Young from the animals provided by the project (including sheep, goats, pigs and poultry) will be sold to other women to generate further income. These first cooperatives will also serve as an example for others who want to join the cooperative later or for other groups who want to create co-operatives, drawing on the proceeds from the sale of the products of collective gardens.

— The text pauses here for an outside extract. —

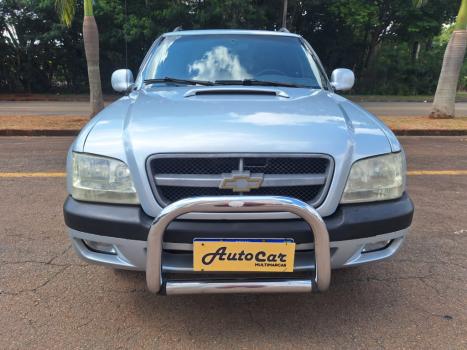 CHEVROLET S10 2.8 12V TORNADO CABINE DUPLA TURBO DIESEL, Foto 2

“I would like to express my sincere thanks to St. Anthony’s Charities and the readers of the Messenger of Saint Anthony for your continued and important support for various projects in favour of the people of our diocese,” writes Vincent Harolimana, Bishop of Ruhegeri. “Your interventions are a welcome response to the differing needs of people in difficulty. We guarantee you, on our part, good collaboration, and we remain with you in the union of prayer.”